Israel launched fresh airstrikes on southern Lebanon this morning, defying calls from Donald Trump to halt operations. The former president’s blunt criticism landed like a bombshell in Downing Street, where Sir Keir Starmer is racing to contain a regional meltdown.
Whitehall sources tell me the PM’s team was blindsided by Trump’s late-night broadside. He accused Jerusalem of ‘losing the plot’ and demanded an immediate ceasefire. But Israeli defence chiefs ignored the order, pressing ahead with strikes on Hezbollah targets near the Litani River.
Starmer’s response was textbook Labour: cautious, multilateral, and heavy on ‘dialogue’. He phoned Prime Minister Netanyahu this morning, followed by a call to President Biden. The readout was thin. ‘Shared commitment to de-escalation’ – meaning everyone is terrified of a wider war.
The real story is the tremor inside the cabinet. Several ministers are furious at being kept in the dark about UK contingency plans for evacuating British nationals.

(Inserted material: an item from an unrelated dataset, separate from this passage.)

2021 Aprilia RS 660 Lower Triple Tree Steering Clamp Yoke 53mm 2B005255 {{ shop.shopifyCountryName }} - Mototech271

One told me: ‘We are learning about this from the news, not the Foreign Office.’ Backbenchers are muttering about a lack of strategy.
Sources in the Foreign Office concede the situation is ‘gloomy’. The Israeli strikes came after a rocket attack from Lebanese territory on an IDF base. But the scale of the response has alarmed even some usual allies. The UN Security Council is scheduled to meet tomorrow. Expect a lot of hand-wringing.
What happens next rests on two men: Biden and Netanyahu. The White House is reportedly ‘deeply frustrated’ but unwilling to cut military aid. Starmer is caught in the middle. He needs to show leadership but has limited leverage. The spectre of Trump’s comeback adds to the tension. If he returns, the rules of the game change completely.
For now, the Lobby is buzzing with one question: Can Starmer keep his party together? The left flank is already demanding a tougher line on Israel. Centrists want him to back the strikes as self-defence. It’s a familiar trap. The PM’s instinct is to triangulate. But wars do not forgive fudge.